When confronting the anti-liberal bias of much left politics and refuting its common or influential myths, we don’t have to start from scratch. It is ongoing work. It must be done for its own sake, not just to win passive endorsement for any person’s or group’s views. I believe that exposing the false promises of anti-liberalism is central to an effective and coherent left Resistance to Trumpism, a democratic, liberatory, self-organizing, and self-critical mass movement capable of suppressing the long-term threat of fascism.
Left accommodators can and should be recognized for what they are: not only anti-liberals, but anti-leftists. Consider their relation to liberation struggles that are independent of the capitalist state—a workers’ movement, civil rights movement, women’s liberation movement, etc. A liberal-democratic state will not repress such liberation struggles; a state that represses them does so by breaking the rules of liberal democracy. In contrast, totalitarianism (whether fascist or Stalinist) actively suppresses liberation movements independent of the capitalist state through whatever illiberal and unjust means it can.
Marxist-Humanism is not ambivalent about the individual rights and freedoms that we must defend in our daily lives. Because it isn’t weighed down by that ambivalence, it is able to concretize a liberatory alternative to both status-quo bourgeois politics and the false promises of anti-liberal leftism.
Presidential overreach beyond the rule of law did not begin with Trump, but the January 6th insurrection attempt alone is proof of how Trump’s commitment to destroying liberal democracy is unprecedented. Even if Trump is, in an ideal world, convicted of his many crimes and barred from further interference in US democracy, the threat of fascism and totalitarianism will persist as long as there is political demand for anti-liberalism.
The next year and a half will decide the future of Trumpism in ways that are difficult to predict. Our struggle requires the vote, but the vote is not a given. In the US, youth, Black people, LGBTQ people, workers, women, immigrant rights advocates, and ethnic and religious minorities can actively determine their own freedom beyond the voting booth, but not without it. Their independent struggles show possibilities for advancing human freedom in the present, under a bourgeois nation-state.
Notes
[1] Definition from Lexico.com, quoted in Andrew Kliman, “On What Grounds Should We Defend Liberal Democracy?,” With Sober Senses, Jan. 17, 2022.
[2] The concept of a “Left First” orientation is developed in Part V, section B, of Marxist-Humanist Initiative’s perspectives thesis for 2018, Resisting Trumpist Reaction (and Left Accommodation).
[3] The Resistance movement against Trump and Trumpism is not exclusively leftist.
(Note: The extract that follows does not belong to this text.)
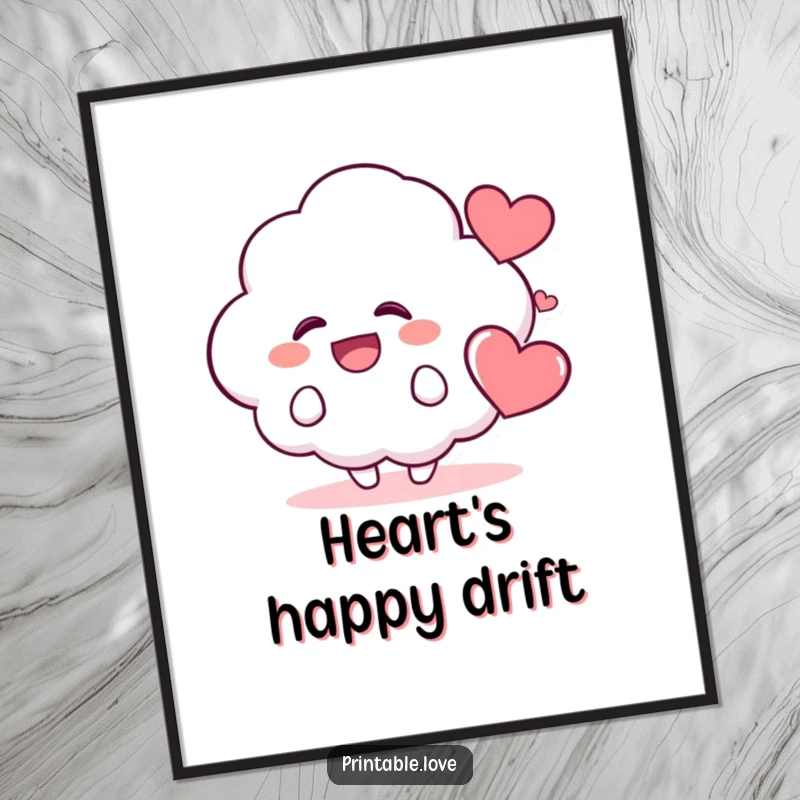 Funny Kawaii Cloud Digital Art Print: A digital illustration of a cute cloud character laughing uncontrollably, with a nearby happy heart, perfect for cheerful wall art.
Centrists, anti-Trump Republicans, bourgeois Democrats, and others have their own valid reasons for never wanting to see Trump anywhere near the White House ever again
[4] The charge that Trump is a fascist is true, but I don’t mean to imply that this fact should be taken for granted. Understanding of the Holocaust among US youth, to take one example, is in critical need of intervention, because no one is born with that knowledge and educational institutions have not adequately addressed the problem. In 2020, 11,000 Americans aged 18–39 were surveyed for their knowledge of the Holocaust: more than half believed that fewer than two million people were murdered, and about half reported seeing Holocaust-denial or misinformation posts on the internet.